A Happy Baptism
But I say to you that if you are angry with a brother or sister, you will be liable to judgment; and if you insult a brother or sister, you will be liable to the council; and if you say, 'You fool,' you will be liable to the hell of fire.
Matthew 5:21-37
February 10, 2017, Words By: Ojii BaBa Madi, Image By:
Denise stood nervously at the edge of the deep end of the Herman’s scandalous inground pool. I saw her out of the corner of my left eye, never imagining her plans. The Hermans lived amidst the towering spruce and maple trees and Victorian homes of little Collingswood, New Jersey. Denise and her 14 friends gathered at the pool lived amidst the towering crime rates and low regard of nearby Camden. This was the scandal—black, brown, tan, and yellow kids diving in a place long preserved as a sea of whiteness. The Hermans gloried in the scandal, which was certainly the talk of the town. The spectacle of this color spectrum splashing about on hot afternoons was in full view for neighbors and passing cars; less visible were the curious graces that always seemed to find their way into the Herman’s pool—graces called forth through faithful adherence to God’s commandments.
Commandments seem difficult in our age of unprecedented privilege. The very word “commandment” invokes notions of restriction, limitation, and boundaries. Surely enough, the world’s systems use commandments for such purposes, but God’s Kingdom moves in the opposite direction. God’s commandments are crafted for us to fully enjoy the immeasurably mystical and liberating gifts of grace. We hear the ensuing joys of such mysteries ringing out in the Psalmist’s voice.
Happy are those whose lives are faultless, who live according to the law of the Lord. Happy are those who follow his commands, who obey him with all their heart. Psalms 199:1-2 (Good News Translation)
The Hermans embraced the scandal of God’s commandment to extravagantly love black, brown, tan, and yellow kids from America’s most dangerous city. Though their neighborhood was known for its scarcity of grace, the act of opening a backyard pool to a group of suspect kids from a despised city affected a movement of inclusion and the emergence of abundant grace among those who dared to take a closer look.
Denise had not figured out all the stuff about commandments and grace. Lots of nouns floated above her head: Jesus, Christian, church, Baptist, Methodist, and heaven.

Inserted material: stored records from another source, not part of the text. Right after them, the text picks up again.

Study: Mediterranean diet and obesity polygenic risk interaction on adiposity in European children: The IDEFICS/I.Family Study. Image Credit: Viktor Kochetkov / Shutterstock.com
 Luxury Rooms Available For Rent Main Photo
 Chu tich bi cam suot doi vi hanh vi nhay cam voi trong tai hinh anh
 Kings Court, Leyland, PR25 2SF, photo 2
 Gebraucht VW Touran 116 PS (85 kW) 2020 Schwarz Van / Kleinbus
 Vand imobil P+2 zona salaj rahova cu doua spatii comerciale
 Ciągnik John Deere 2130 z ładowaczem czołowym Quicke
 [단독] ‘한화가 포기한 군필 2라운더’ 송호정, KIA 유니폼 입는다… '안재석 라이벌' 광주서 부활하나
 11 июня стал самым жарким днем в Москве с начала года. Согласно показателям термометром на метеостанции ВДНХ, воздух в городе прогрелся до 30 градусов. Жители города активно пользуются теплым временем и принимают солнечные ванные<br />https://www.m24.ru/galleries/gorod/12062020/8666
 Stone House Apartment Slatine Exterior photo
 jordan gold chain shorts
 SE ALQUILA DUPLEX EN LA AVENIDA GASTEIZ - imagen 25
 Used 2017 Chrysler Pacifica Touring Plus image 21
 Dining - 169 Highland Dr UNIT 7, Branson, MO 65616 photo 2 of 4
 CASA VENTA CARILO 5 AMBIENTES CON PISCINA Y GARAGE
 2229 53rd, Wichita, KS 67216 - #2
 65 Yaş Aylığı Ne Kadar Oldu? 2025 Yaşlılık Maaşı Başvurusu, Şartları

But Denise lived in a world where verbs were much more important than nouns. At home, she was much more concerned about what the people around her did, not how they named themselves. She was bright, young, beautiful, and much too shapely for a 13-year-old. Her father was nowhere to be found and her mother’s boyfriend was an absolute lecher. Denise was the kind of girl who needed some assurances that people like the Hermans and myself took God’s commandments seriously—that our “yes” truly meant “yes” and our “no” meant “no.” Thus, after telling her “yes, we love you” and “no, we will not cast you out,” she still stood on the edge at the deep end of the pool.
God’s commandments call us to profound relationships, both with humanity and with him. This is the point of the litany of commandments Jesus gives us in our Gospel reading, taken from Matthew 5:21-37. These commandments guide us to be profoundly connected to our sisters and brothers, our friends, enemies, and spouses…and to skeptical teenage girls living in danger. Denise, having made a point to announce she could not swim, waited until my gaze was solely on her, with all the shock of seeing her at the edge of the deep end, and then she jumped. She knew if my yes was true and if I was serious about all God’s commandants I professed to follow, I would have to plunge in with all I had—eyeglasses, street clothes, wallet, watch, shoes, dollar bills and all—but only if I was serious about salvation. I’ve rarely seen such an act of faith or a more impassioned challenge to take God’s commandments seriously. So, there in the Herman’s pool the mystically abundant waters of God’s grace once again showed up as a soggy youth worker emerged from the bottom of the pool with a new believer named Denise.